Unpopular Nationwide, India’s Ruling Party Wins State Election

Voters in Karnataka punish India’s conservatives for corruption and cronyism.

Seat of the Karnataka state legislature in Bangalore, India, December 30, 2010
Seat of the Karnataka state legislature in Bangalore, India, December 30, 2010 (David Bennett)

India’s opposition conservatives suffered a crushing defeat in the southwestern state of Karnataka last week, home to India’s technology hub Bangalore, prompting the chief minister and party’s leader there to resign on Wednesday.
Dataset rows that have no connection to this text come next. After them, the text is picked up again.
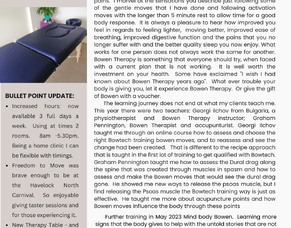 Bowen Therapy Havelock North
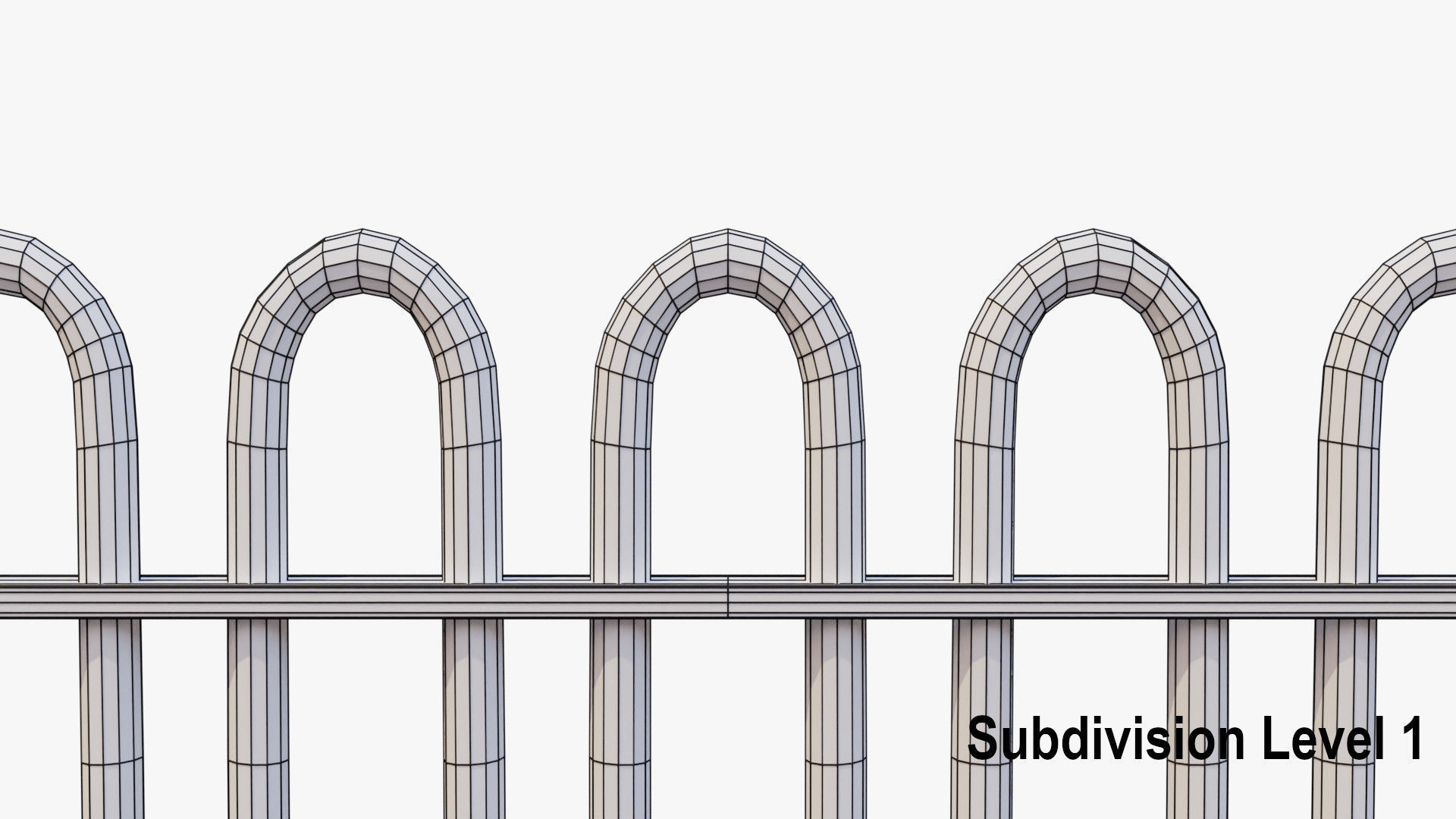 Metal Fence 3D model_19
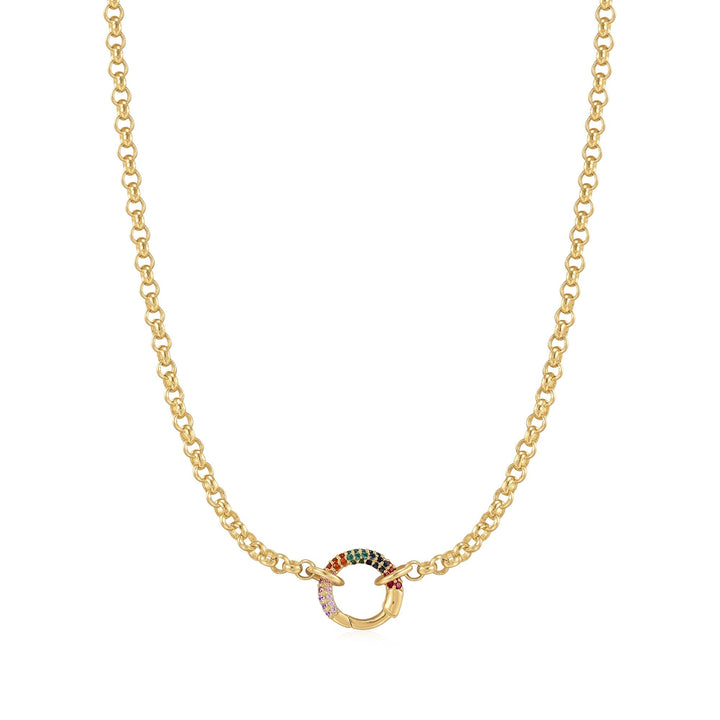 Ania Haie Gold Chain Rainbow Connector Necklace N048-07G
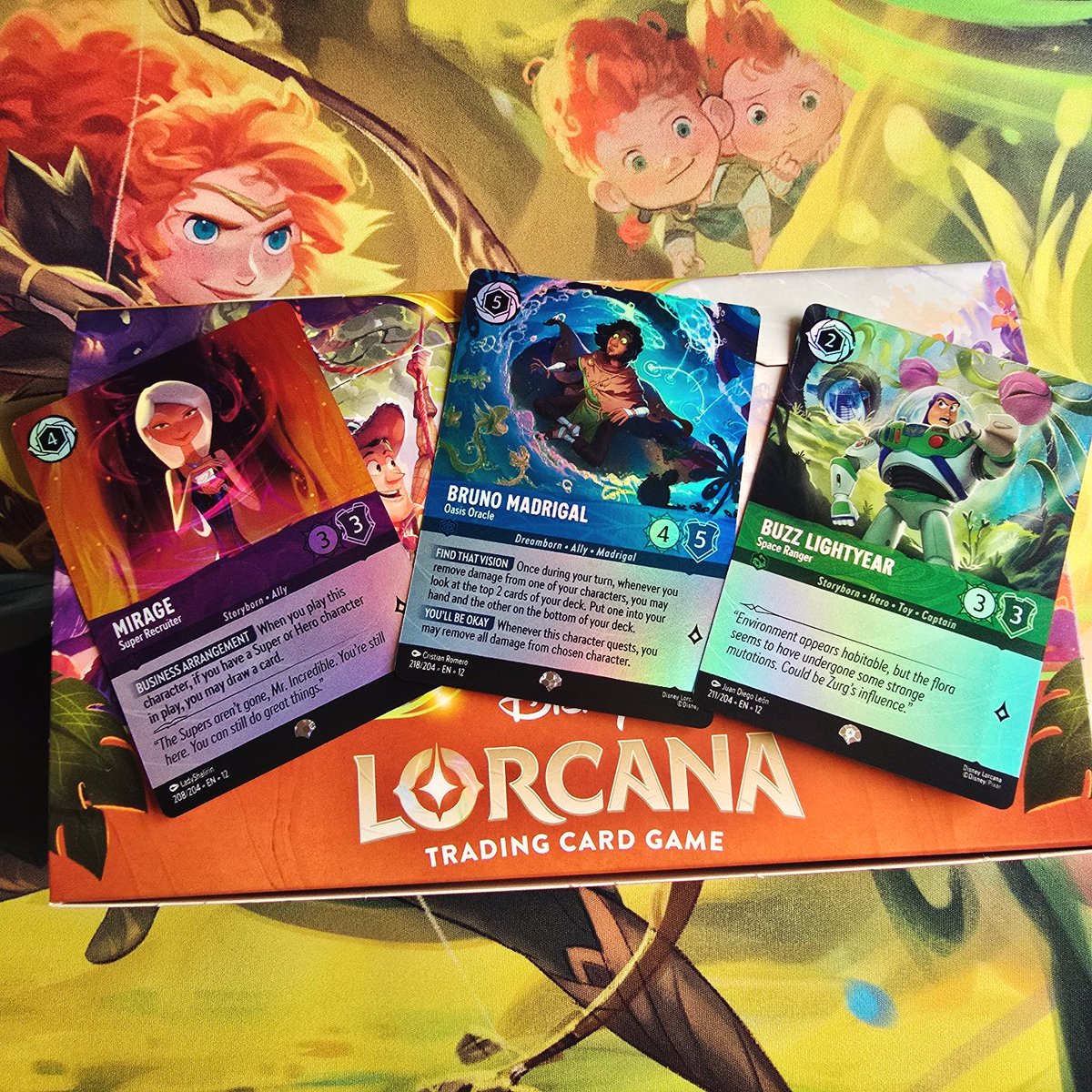 Illuminotts's tweet photo. ITS TIME FOR WILDS UNKNOWN 🧡
@DisneyLorcana Set 12 is available at local game stores and we went to @thedicecup to pick up the new set boosters, playmat and trove!
Pre-Release events are happening this weekend, so head to your local store, and play Wilds Unknown! @RavensburgerUK https://t.co/GqmeNRRBOW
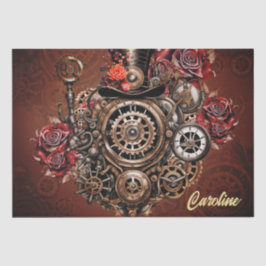 Prachtig Steampunk design Tissuepapier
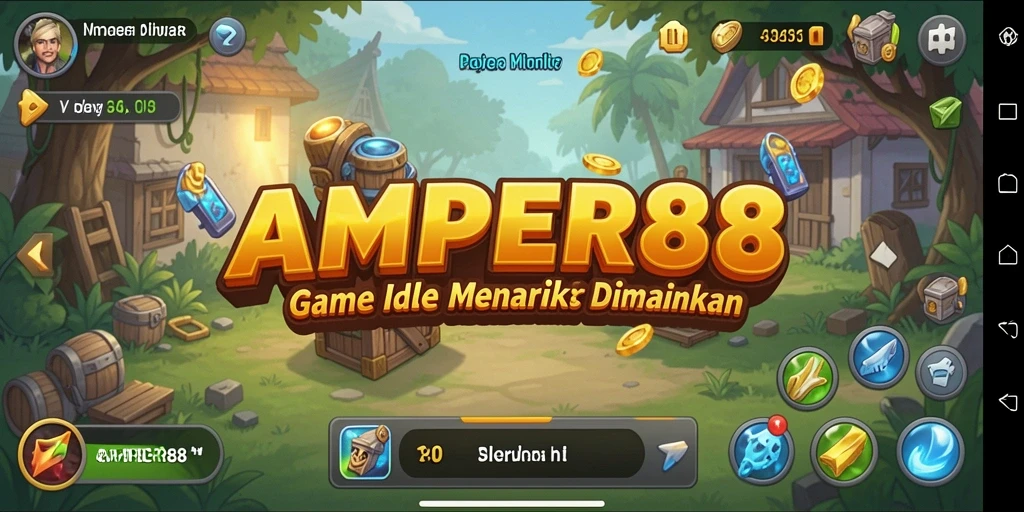Tampilan gameplay AMPER88 yang menawan dan santai.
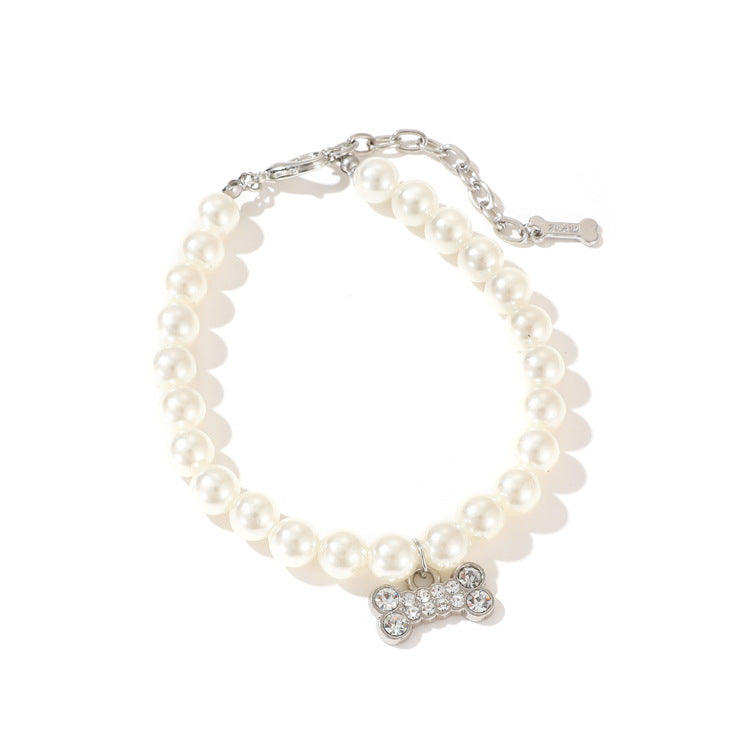 Pet Supplies Collar Pearl Cat Necklace Ornament
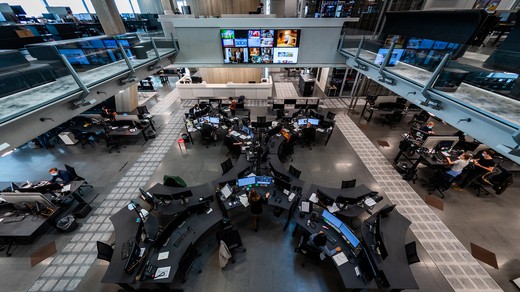 Bild von Neue Organisations- und Arbeitsstrukturen im Newsroom Zürich Leutschenbach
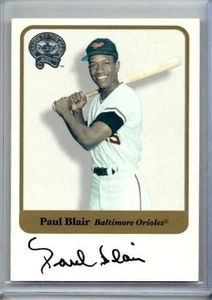 PAUL BLAIR 2001 Fleer Greats of the Game GOTG Autograph AUTO - Picture 1 of 1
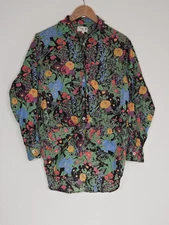 Mille SOFIA Long Sleeve Button Up Shirt Botanica Size M Womens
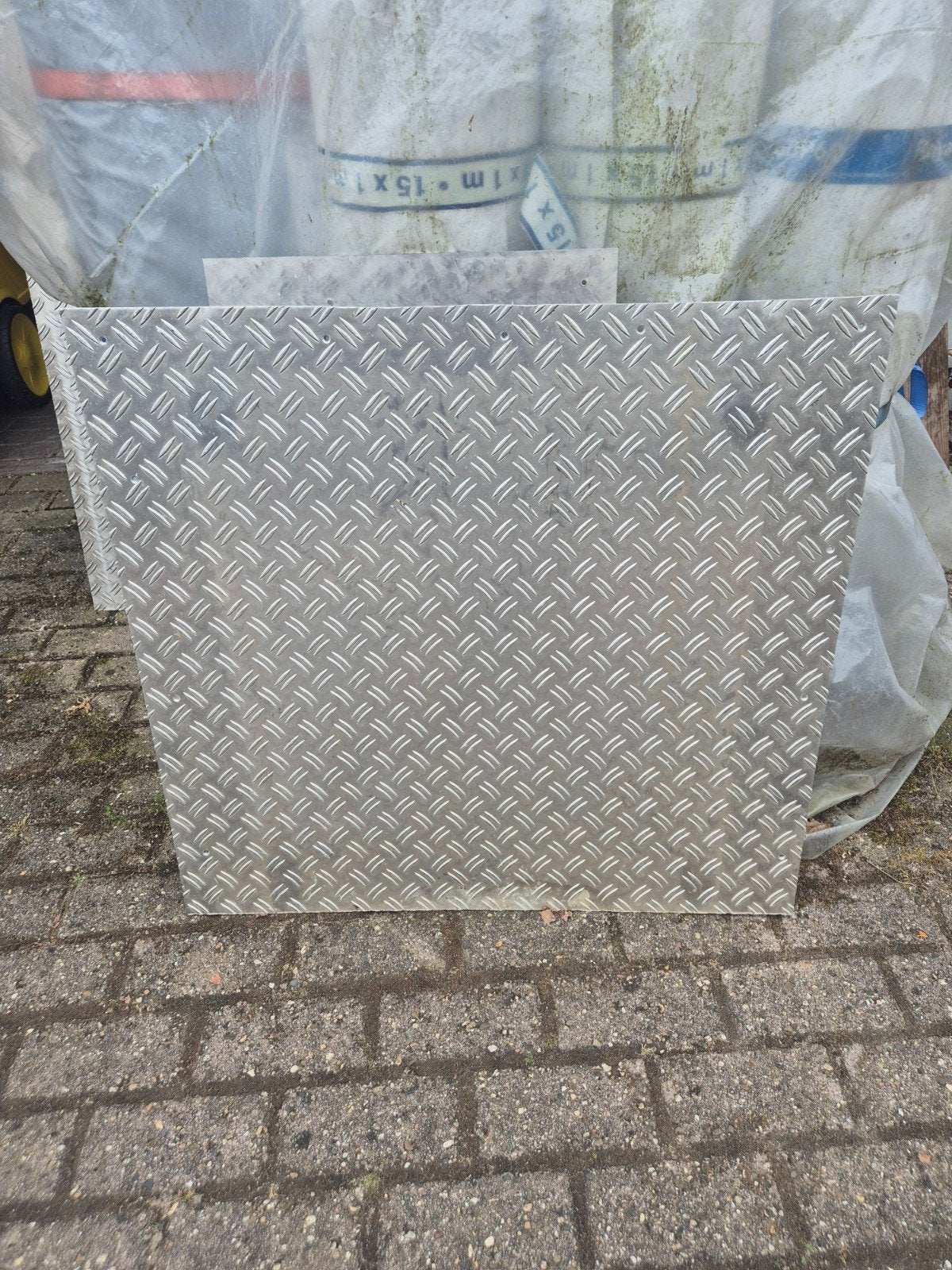 3 stukken tranenplaat, Doe-het-zelf en Verbouw, Metalen, Ophalen, Gebruikt, Aluminium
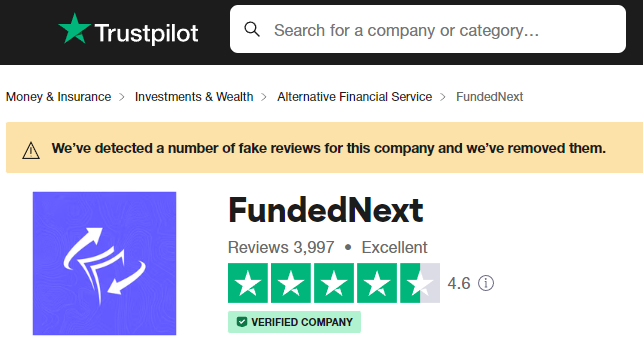 fundednext trustpilot reviews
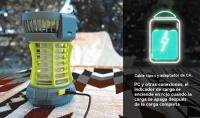 Lampara mata mosquitos impermeable Portátil multifunción LED al aire libre carpa faroles de camping recargable - details 5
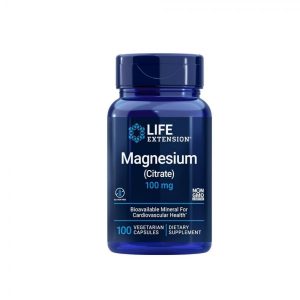 Life Extension Magnesium (Citrate) 100Mg X 100 Veg. Caps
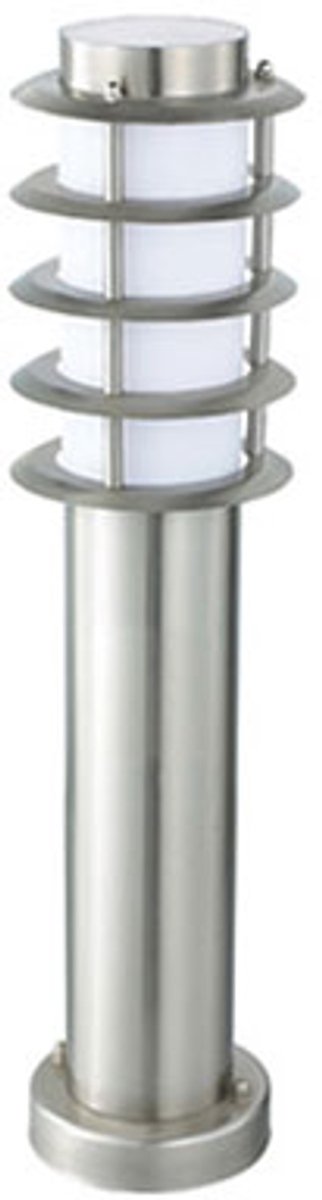 LED Tuinverlichting - Buitenlamp - Nalid 3 - Staand - RVS - E27 - Rond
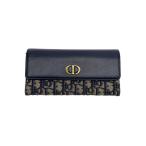 Christian Dior◆長財布/--/BLK/総柄/レディース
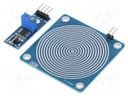 Module: rain detector; Dim: 50x50mm; 3÷5VDC; Board dim: 37x13mm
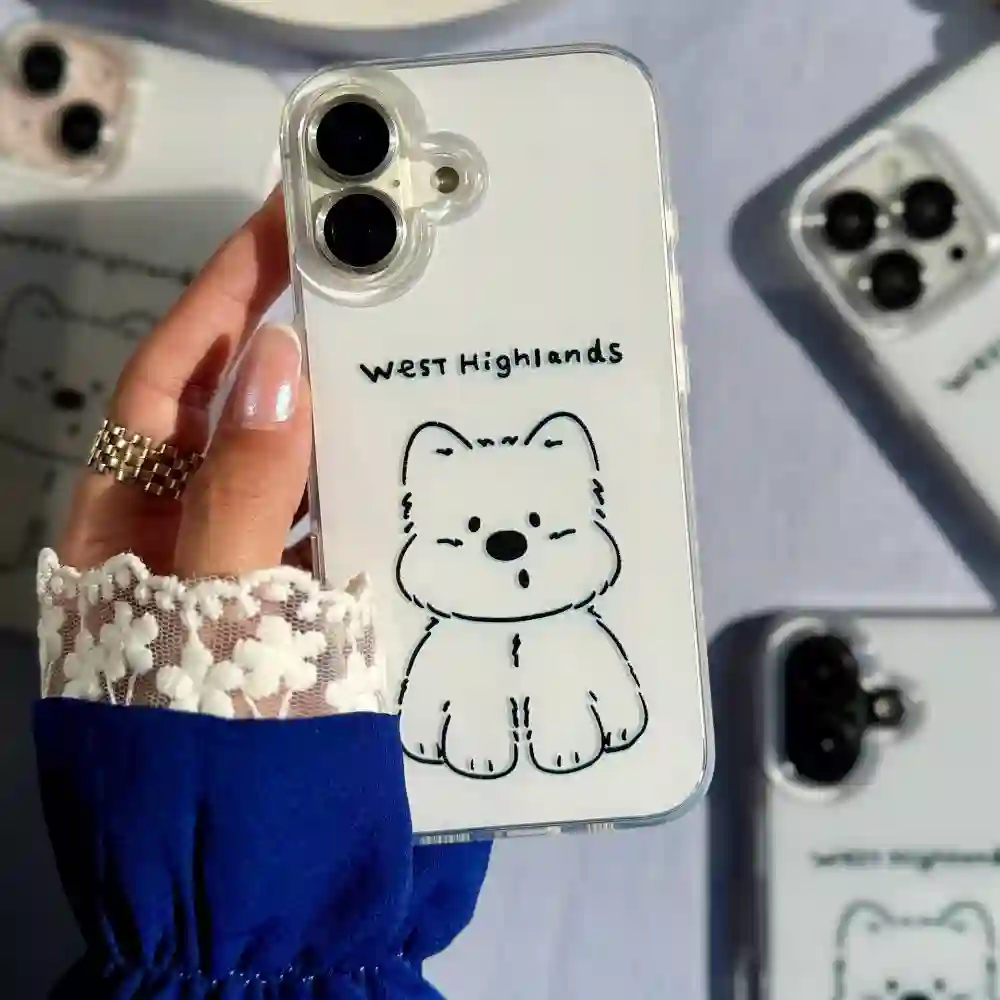 قاب سگ مدل West Highland برای IPHONE 16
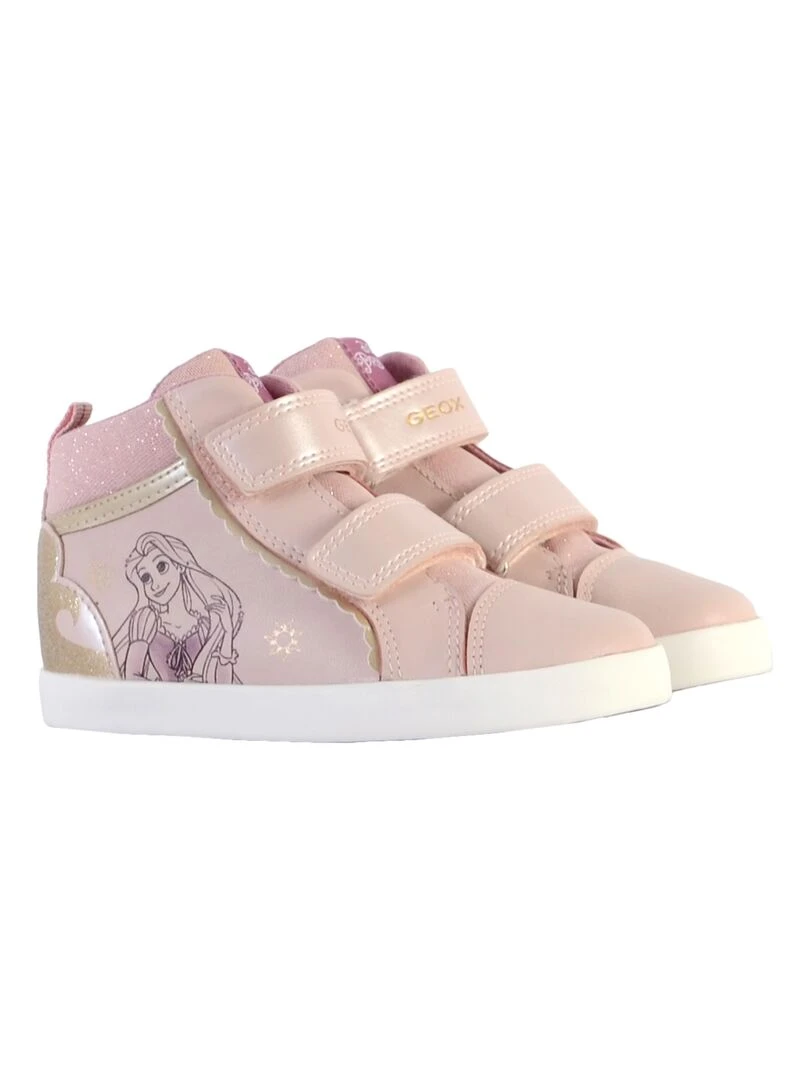 Basket Cuir Enfant Geox Kilwi   Rose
The Bharatiya Janata Party lost 72 of its seats in the state assembly compared to the last election when it got nearly 50 percent support. Whereas Congress typically performs well in the countryside nationwide, it also took many urban constituencies in Karnataka, largely owing to middle class discontent with the incumbent government which is marred in corruption scandals.

With some justification, Bharatiya Janata routinely accuses Congress of corruption and crony capitalism in the provinces where it has been able to wrestle control from the left in several local elections in anticipation of next year’s parliamentary election, including in Uttar Pradesh last year, the country’s largest state.

In Karnataka, however, it was the conservatives or nationalists who had been implicated in doling out coal mining and digital network licenses, leading to a decline in popularity and a split in their coalition — usually a harbinger for Congress victories in India.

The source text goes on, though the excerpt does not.